### Input data ###

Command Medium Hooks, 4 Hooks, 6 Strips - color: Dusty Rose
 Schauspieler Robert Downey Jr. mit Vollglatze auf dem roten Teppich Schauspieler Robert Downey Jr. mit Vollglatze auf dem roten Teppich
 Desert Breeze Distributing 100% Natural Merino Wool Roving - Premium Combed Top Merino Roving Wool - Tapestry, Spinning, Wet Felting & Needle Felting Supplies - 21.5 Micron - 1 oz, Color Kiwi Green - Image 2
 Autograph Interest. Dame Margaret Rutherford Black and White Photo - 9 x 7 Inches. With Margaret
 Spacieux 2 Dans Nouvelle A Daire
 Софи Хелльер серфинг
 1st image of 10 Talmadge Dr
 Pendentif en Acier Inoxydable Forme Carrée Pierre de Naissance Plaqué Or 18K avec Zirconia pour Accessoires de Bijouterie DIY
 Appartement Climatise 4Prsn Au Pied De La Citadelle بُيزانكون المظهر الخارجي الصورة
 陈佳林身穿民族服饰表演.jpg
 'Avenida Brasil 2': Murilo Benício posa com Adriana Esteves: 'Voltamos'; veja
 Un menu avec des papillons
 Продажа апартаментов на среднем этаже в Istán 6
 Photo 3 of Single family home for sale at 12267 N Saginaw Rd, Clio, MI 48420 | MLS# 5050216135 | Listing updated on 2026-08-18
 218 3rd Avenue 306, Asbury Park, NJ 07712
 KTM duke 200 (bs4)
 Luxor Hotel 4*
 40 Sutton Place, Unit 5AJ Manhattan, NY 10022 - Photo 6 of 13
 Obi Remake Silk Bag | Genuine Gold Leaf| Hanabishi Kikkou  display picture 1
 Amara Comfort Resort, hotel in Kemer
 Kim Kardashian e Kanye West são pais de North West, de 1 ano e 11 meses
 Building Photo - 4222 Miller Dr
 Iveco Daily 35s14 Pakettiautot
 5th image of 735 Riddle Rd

###

# Aim of the exercise
Leave out every line after the one with "Esteves: 'Voltamos'; veja". Reproduce the material above exactly from its first line through that line.

# Answer box
Command Medium Hooks, 4 Hooks, 6 Strips - color: Dusty Rose
 Schauspieler Robert Downey Jr. mit Vollglatze auf dem roten Teppich Schauspieler Robert Downey Jr. mit Vollglatze auf dem roten Teppich
 Desert Breeze Distributing 100% Natural Merino Wool Roving - Premium Combed Top Merino Roving Wool - Tapestry, Spinning, Wet Felting & Needle Felting Supplies - 21.5 Micron - 1 oz, Color Kiwi Green - Image 2
 Autograph Interest. Dame Margaret Rutherford Black and White Photo - 9 x 7 Inches. With Margaret
 Spacieux 2 Dans Nouvelle A Daire
 Софи Хелльер серфинг
 1st image of 10 Talmadge Dr
 Pendentif en Acier Inoxydable Forme Carrée Pierre de Naissance Plaqué Or 18K avec Zirconia pour Accessoires de Bijouterie DIY
 Appartement Climatise 4Prsn Au Pied De La Citadelle بُيزانكون المظهر الخارجي الصورة
 陈佳林身穿民族服饰表演.jpg
 'Avenida Brasil 2': Murilo Benício posa com Adriana Esteves: 'Voltamos'; veja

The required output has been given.